LeetCode Q 1054 - Distant Barcodes
In a warehouse, there is a row of barcodes, where the i-th barcode is barcodes[i]
.
Rearrange the barcodes so that no two adjacent barcodes are equal. You may return any answer, and it is guaranteed an answer exists.
Example 1: Input: [1,1,1,2,2,2] ; Output: [2,1,2,1,2,1]
Example 2: Input: [1,1,1,1,2,2,3,3] ; Output: [1,3,1,3,2,1,2,1]
Note:
Solution
- Use a map to count the times of different barcodes appear.
- Use a priority queue which stores pairs of barcode and its appearance times, and the priority queue is sorted according to appearance times in an DESC order.
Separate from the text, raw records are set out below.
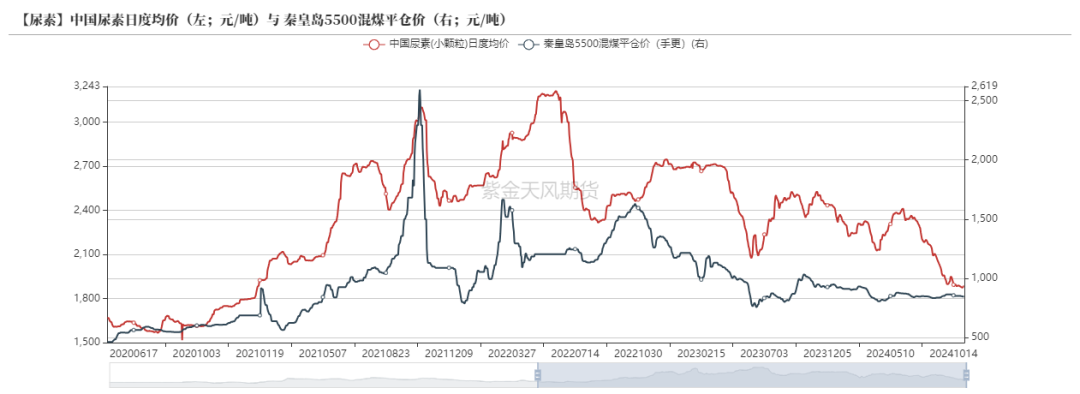 尿素：需求依旧难以匹配供给-第50张图片-车辆报废_报废车厂_报废汽车回收_北京报废车-「北京报废汽车解体中心」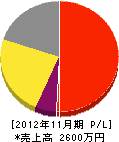 田川電気 損益計算書 2012年11月期
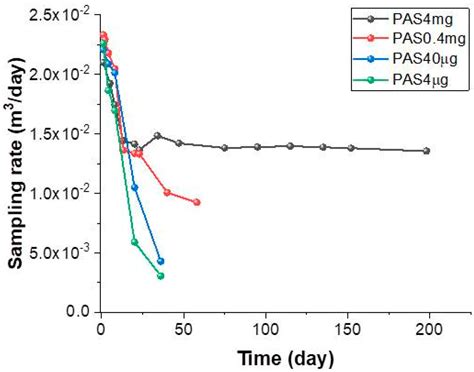 Characteristics and Performances of a Nanostructured Material for ...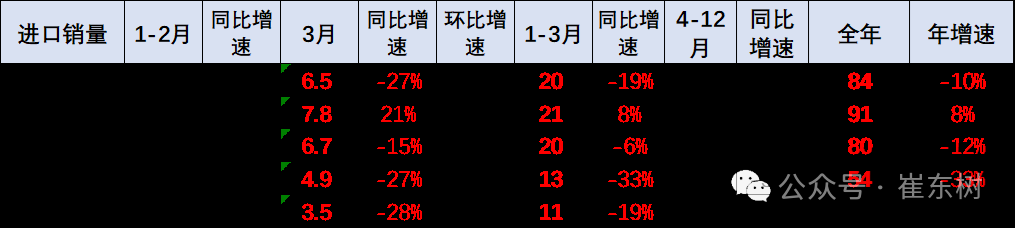 崔东树：1-3月中国汽车进口10万辆 同比增长3% - 图片14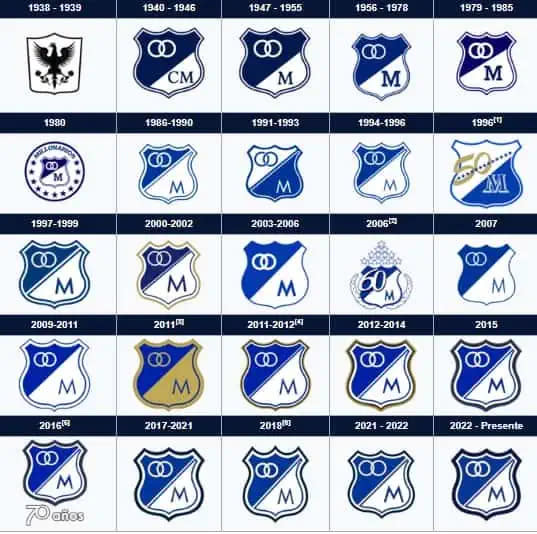 Evolución del escudo de Millonarios FC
- While the pq is not empty, do the iteration. Each time we pull two elements from the pq, add these two barcode to the result array, then update their appearance times by minus one. If the appearance time is still bigger than zero, we offer this barcode pair to the pq again.
Code:
public int[] rearrangeBarcodes(int[] barcodes) {
Map<Integer, Integer> map = new HashMap<>();
for (int bc: barcodes)
map.put(bc, map.getOrDefault(bc, 0) + 1);
Queue<int[]> pq = new PriorityQueue<>((a, b) -> (b[1] - a[1]));
for (int key: map.keySet())
pq.offer(new int[]{key, map.get(key)});
int[] res = new int[barcodes.length]; int index = 0;
while (!pq.isEmpty()) {
List<Integer> temp = new ArrayList<>();
for (int k = 0; k < 2 && !pq.isEmpty(); k++) {
int[] curr = pq.poll();
res[index++] = curr[0];
map.put(curr[0], map.get(curr[0]) - 1);
temp.add(curr[0]);
}
for (int n: temp) {
if (map.get(n) > 0)
pq.offer(new int[]{n, map.get(n)});
}
if (pq.isEmpty()) break;
}
return res;
}